Aggiustamenti tecnici che potevano essere discussi nelle sedi opportune come è giusto che sia.
È amareggiato il premier Giuseppe Conte alla fine dell’incontro con Luigi Di Maio, suo ministro degli Esteri e leader del M5S. Gli attacchi screanzati e urticanti di questi ultimi giorni del capo politico dei Pentastellati hanno lasciato l’amaro in bocca al premier.
Un fuoco amico inutile, strumentale e poco funzionale all’equilibrio dell’alleanza all’interno dell’esecutivo. Per giunta alla vigilia del voto in Abruzzo e in coincidenza con la manifestazione che ha ricompattato il centro-destra.
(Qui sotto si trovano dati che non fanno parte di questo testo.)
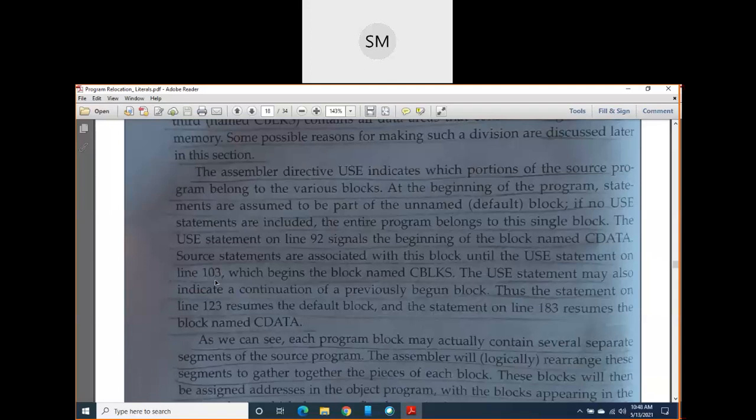A USE statement also indicates the continuation of any previously used block. If you want to resume the default block after CBLOCKS, you use the USE assembler directive without any operand name, because the default block is unnamed. In line 123 of page 81, I used a USE statement without any operand, indicating that the default block is once again resumed.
Il presidente del Consiglio si aspettava le stoccate di Matteo Renzi e della sua Italia Viva nella tre giorni della Leopolda. Ma davvero non aveva previsto il cannoneggiare di Di Maio. Conte ha il sospetto che Di Maio abbia ingaggiato uno scontro interno che nasconde altro ovvero il timore, il terrore, la paura di perdere la leadership del Movimento.
Chi era con lui alla Mostra d’Oltremare a Napoli per la Festa nazionale Italia 5 Stelle confida di un Di Maio nero anzi nerissimo d’umore. Il numero uno grillino non ha gradito un’arena flegrea protesta tutta per Beppe Grillo e in visibilio per Giuseppe Conte. È un uomo afflitto, insolato e progressivamente non più al centro della scena Luigi Di Maio.
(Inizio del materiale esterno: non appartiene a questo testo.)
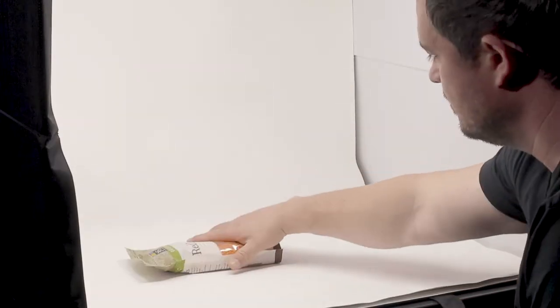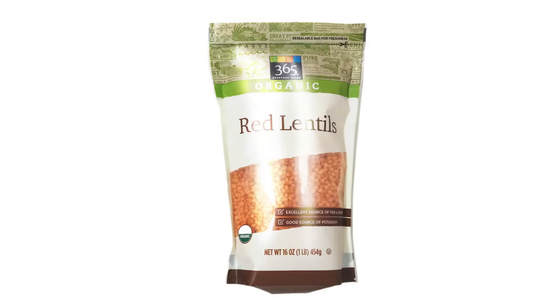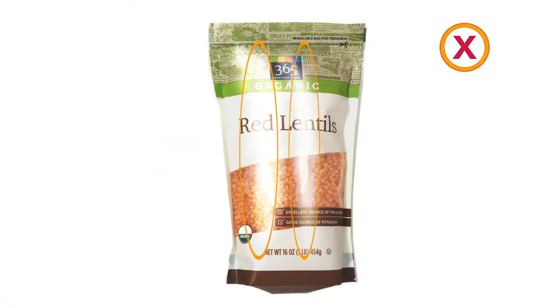Photographing products with reflective packaging can be challenging as there will oftentimes be highlights on packages that are distracting or unpleasant to look at.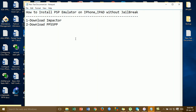Today we are going to use PSP Emulator for iPhone or iPad. We are going to use PSP Emulator for iPhone and iPad.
I big gli stanno facendo la guerra e lo spettro di Conte come nuovo leader non è un presentimento è ormai realtà. Mentre sorseggiavano il caffè, Conte a tu per tu con Di Maio gli ha detto che lui dopo l’esperienza di governo tornerà ad insegnare perchè la sua è una parentesi per dare una mano al Paese.
E poi sempre Conte parlando senza filtri si è lamentato per gli attacchi. Insomma, bastava una telefonata e tutto sarebbe stato chiarito. Invece si è scelta l’ammuina in un momento sbagliato per predere la scena e rilanciare una leadership logora.